Je dis en québécois; tu dis en français (expressions sportives 2)

 

Est-ce que tu connais l’expression «Il niaise pas avec le puck»?

Alors, le puck, ça je sais : c’est la rondelle tapée au hockey. Et niais, c’est quelqu’un d’un peu bête… c’est donc quelqu’un qui n’est pas bête avec la rondelle ?
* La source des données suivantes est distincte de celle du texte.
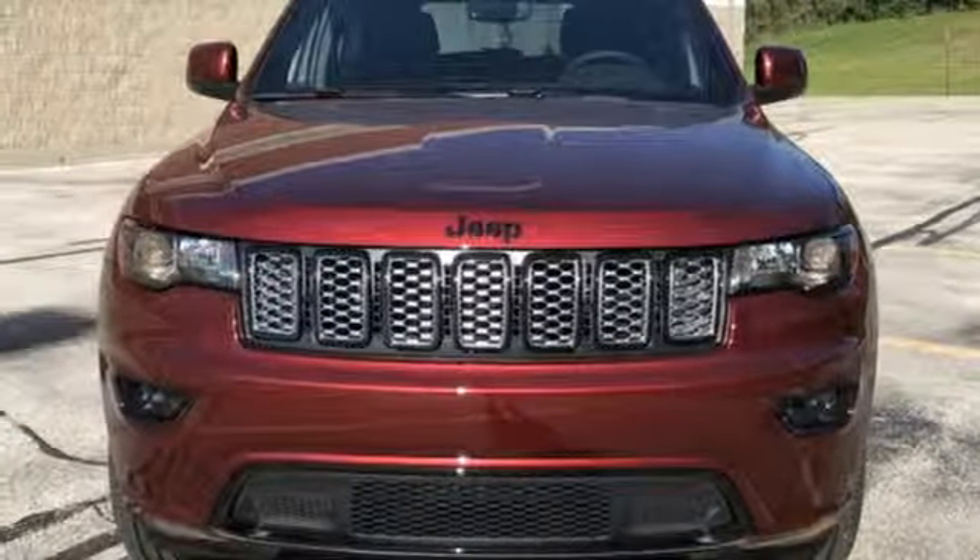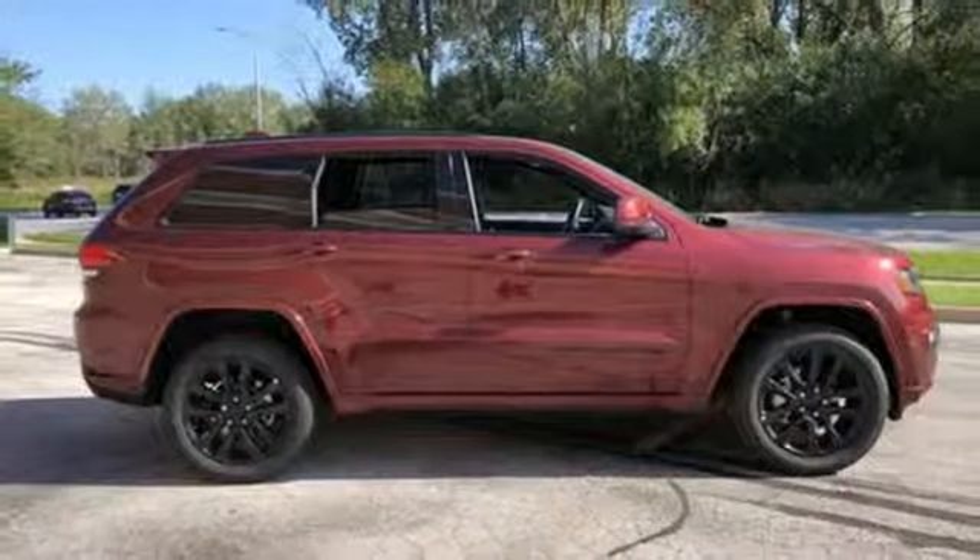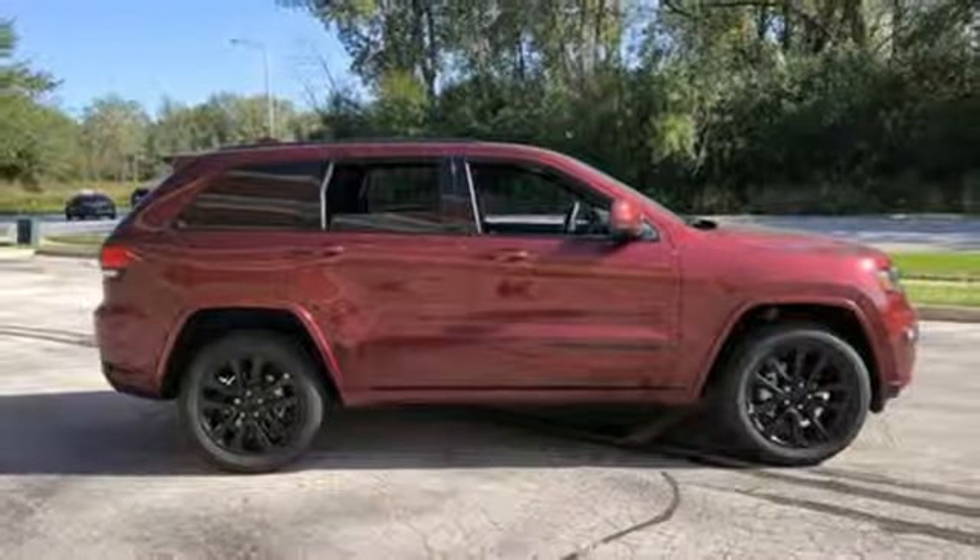Aluminum wheels, Wi-Fi hotspot, and automatic transmission. See what it can do for you when you take it for a test drive.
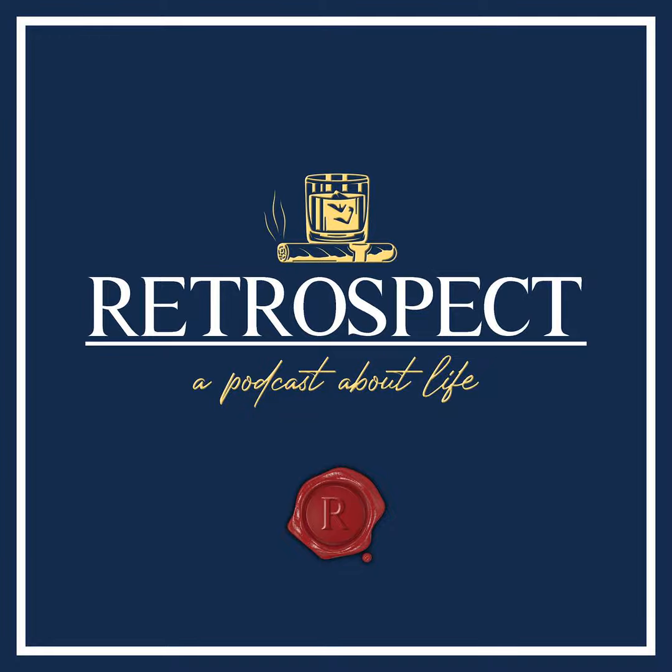Welcome to the Retrospect Podcast, a show where people come together from different walks of life and discuss a topic from their generation's perspective. My name is Ian, and as always, I'm joined by Stoney and Jason.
— Bonne déduction, mais tu as visé un peu à côté. Nous utilisons l’expression il niaise pas avec le puck pour décrire une personne qui n’hésite pas à prendre une décision, à foncer. Dans ce contexte, niaiser est synonyme de perdre son temps à ne rien faire. Et le puck, c’est effectivement ce que vous appelez (étrangement de notre point de vue) le palet.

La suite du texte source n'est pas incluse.